(21.4.23) 裁判員制度と毒物カレー事件
裁判員制度は、この5月21日以降に起訴される事件が対象となるが、裁判員制度の運用にとって象徴的ともいえる事件の判決が昨日(21日)、最高裁から出された。
それは和歌山市で1998年7月に起きた毒物カレー事件のことで、殺人罪に問われた林真須美被告の上告を、最高裁が棄却し死刑が確定した裁判のことである。
象徴的というのは、この裁判がもし裁判員制度の対象になっていたら、裁判員にとって最も困難な判断を要求された裁判だったはずだからだ。
この裁判においては直接的な証拠は存在せず状況証拠だけであり、検察側は状況証拠を積み重ねることによって、林被告の有罪を勝ち取った。
これは従来の刑事裁判においてはありえなかった判決であり、たとえばロス疑惑の三浦和義被告は無罪になっている。
「疑わしきは被告の利益に」というのが刑事裁判の原則で、この原則に従えば「直接的な証拠がない」以上林被告は無罪になってもおかしくなかった。
しかし判決では以下の状況証拠があれば林被告が犯人であることが明確だと断定したのである。
① カレーに混入されたものと成分の特徴が同じヒ素が被告の自宅などから見つかった。
② 被告の毛髪からヒ素が検出され、ヒ素を取り扱っていたと推認できる。
③ カレー鍋に混入する機会があったのは被告だけで、鍋のふたを開けた姿が目撃されている。
そして「これらの状況証拠を総合すれば、被告が犯人であることは、合理的な疑いを挟む余地が無い程度に証明された」と言う。
問題はもしこの裁判が裁判員制度のもとに行なわれたとしたら、果たして林被告は有罪になったかどうかである。

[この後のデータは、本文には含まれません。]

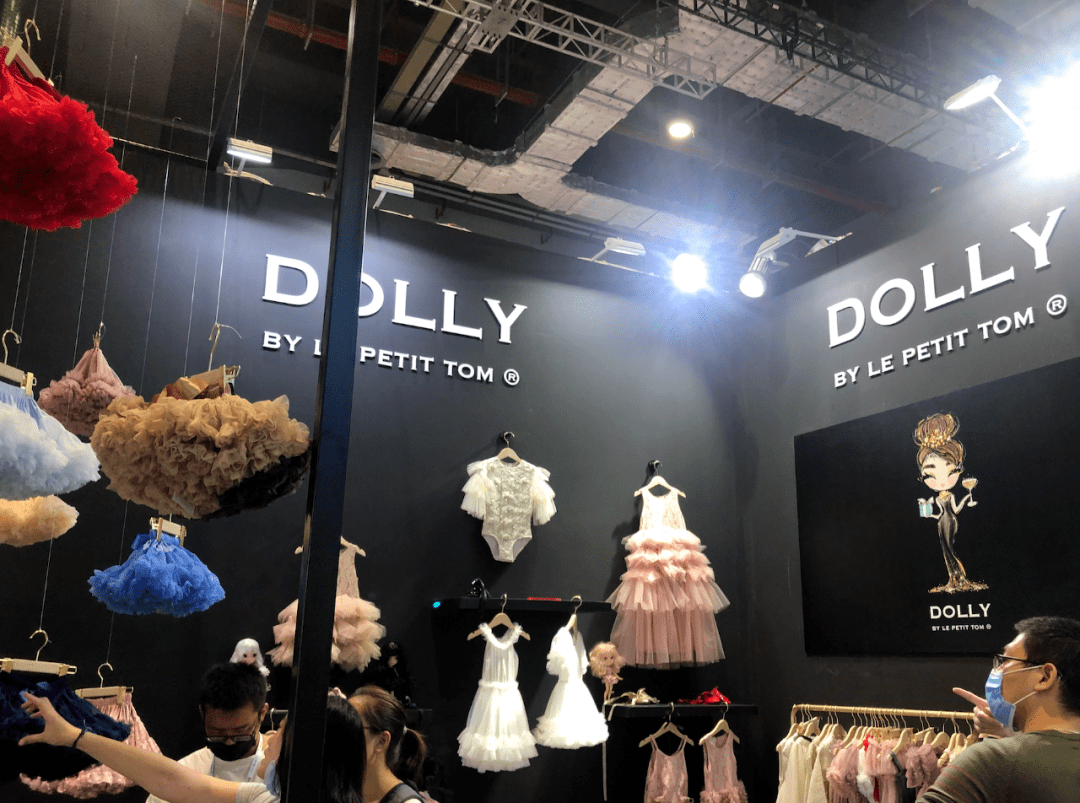 展台|超好逛的大型孕婴童展，看看我们又发现了啥？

各人が自分が裁判員になったと仮定して、シミュレーションをして見て欲しい。
おそらくかなりの人が、状況証拠だけでは有罪を確定できず、「疑わしきは被告の利益に」というのが刑事裁判の原則だから、林被告は無罪と言うのではなかろうか。
裁判員には大きく分けて二つのタイプが存在する。
① 原則派
従来の原則や判例のとおりに判断する。この場合は林被告は無罪。
② 庶民感覚派
法律や原則は無視して、自分が得た感度で判断する。この場合は林被告は有罪。
なお、私の判断は上記の庶民感覚派で林被告は有罪である。
その最大の理由が、林被告が常習的なヒ素を使用した保険金詐欺者だったことにある。
明確な事件では夫の健治と共謀し、保険金詐欺目的で知り合いの男性をヒ素をもちいて殺害しようとしたこと(健治は既に刑が確定し服役中)。
また夫の健治をヒ素を用いて殺害しようとしていたと推定されること(日頃から「健治が死ねば、保険金もぎょうさん入ってくるし、そしたら子どもと一緒に自由気ままに暮らんや」と言っていたとマスコミで報道されていた)
今回の事件では動機は解明されていないと言うことになったが、これは検察が言うように「事件当日、他のお母さん方から非難されて激高した」と言うのが実情だろう。
しかし激高したとしても、カレーにヒ素を入れると言うようなとっさの判断は、日常的にそうしたことをしている人でないととてもできるはずがない。
「殺人方法はその人が最も熟知している方法を使用する」
普通の主婦が見たことも無いヒ素を見つけてきてそれをカレーに入れるはずがないから、林被告はやはり有罪と言うのが、私が裁判員であった場合の判断だ。